### Aim of the exercise
Without changing a word, copy every line of the listing below and leave out the images.

### Data excerpt
[Start of Attachment]

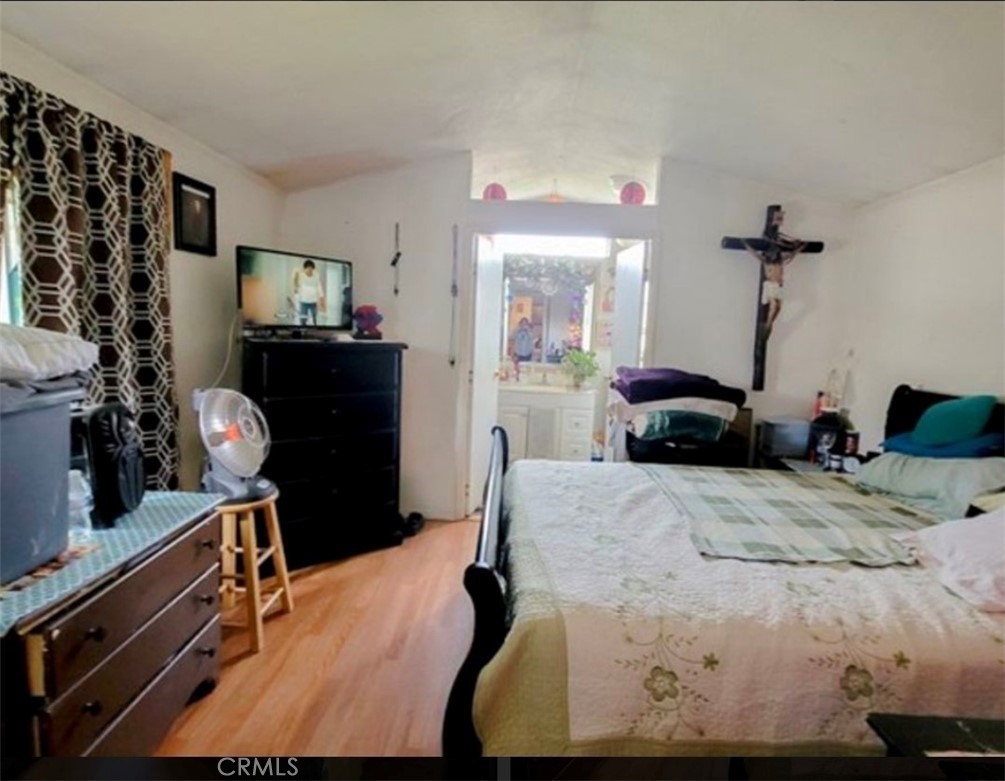 2500 North State Highway 59, Unit 278 Merced, CA 95348 - Photo 17 of 25 a bedroom with a bed and dresser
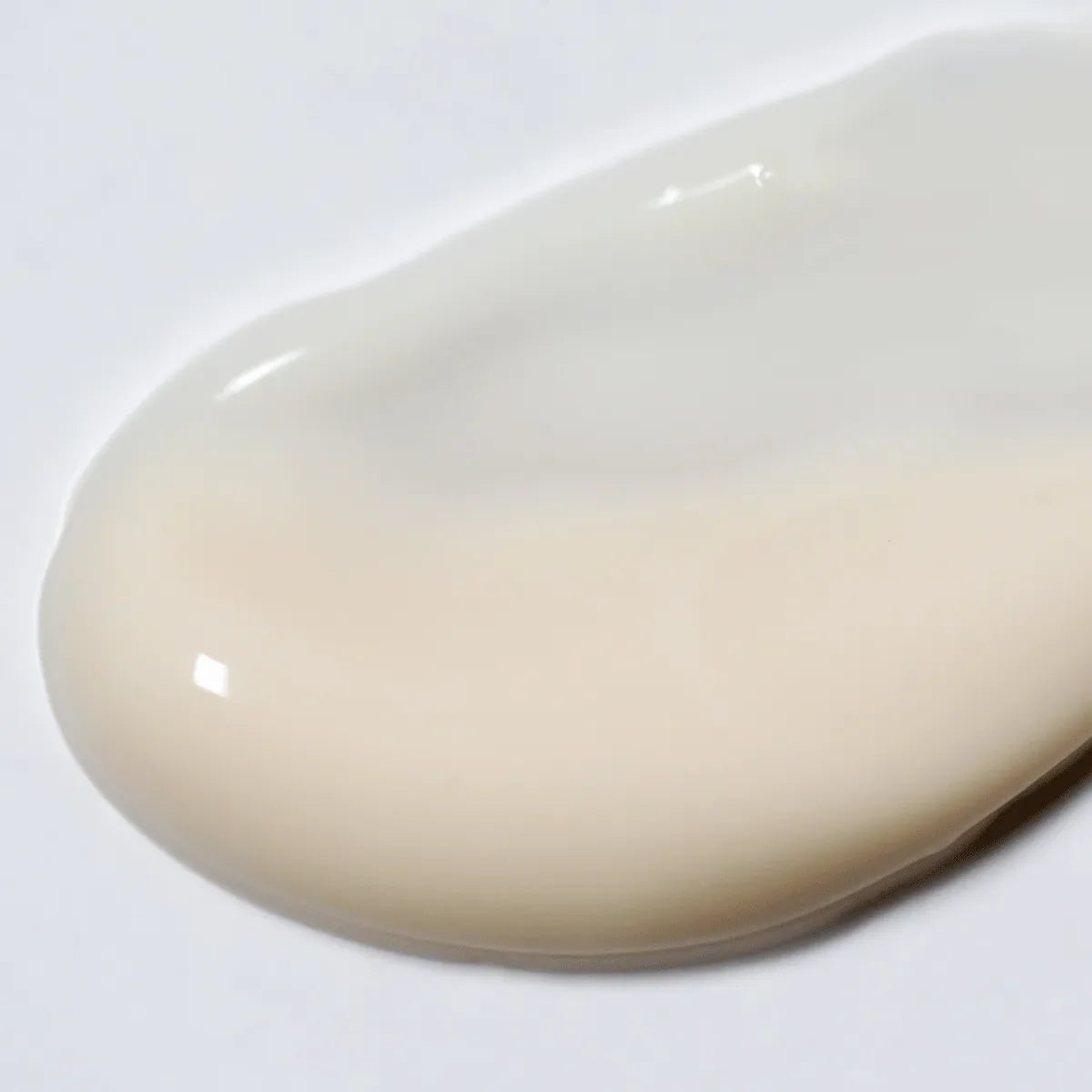 A close-up of LightBoost Eye Cream by Solawave reveals its glossy, creamy texture with off-white and beige tones, enhanced by Vegan Collagen for nourishment.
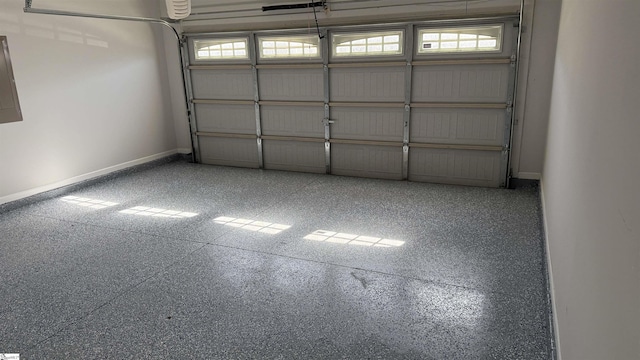 garage with electric panel and baseboards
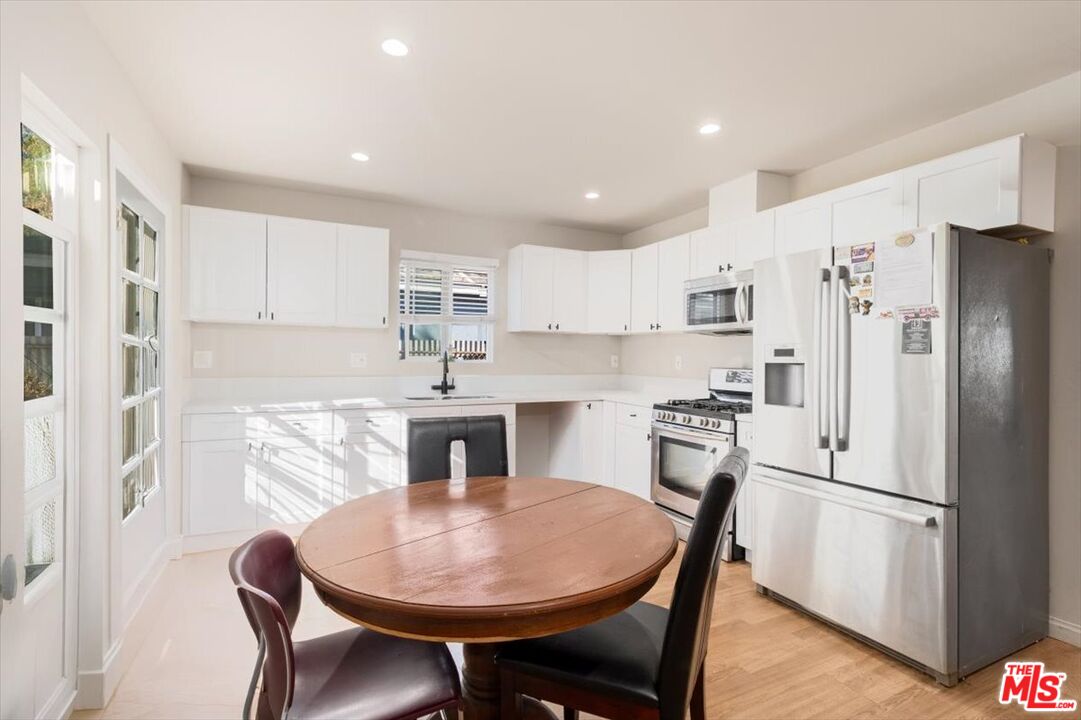 1206 West Magnolia Street Compton, CA 90220 - Photo 7 of 40 a kitchen with refrigerator a stove and wooden floor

[End of Attachment]

### Task result
 2500 North State Highway 59, Unit 278 Merced, CA 95348 - Photo 17 of 25 a bedroom with a bed and dresser
 A close-up of LightBoost Eye Cream by Solawave reveals its glossy, creamy texture with off-white and beige tones, enhanced by Vegan Collagen for nourishment.
 garage with electric panel and baseboards
 1206 West Magnolia Street Compton, CA 90220 - Photo 7 of 40 a kitchen with refrigerator a stove and wooden floor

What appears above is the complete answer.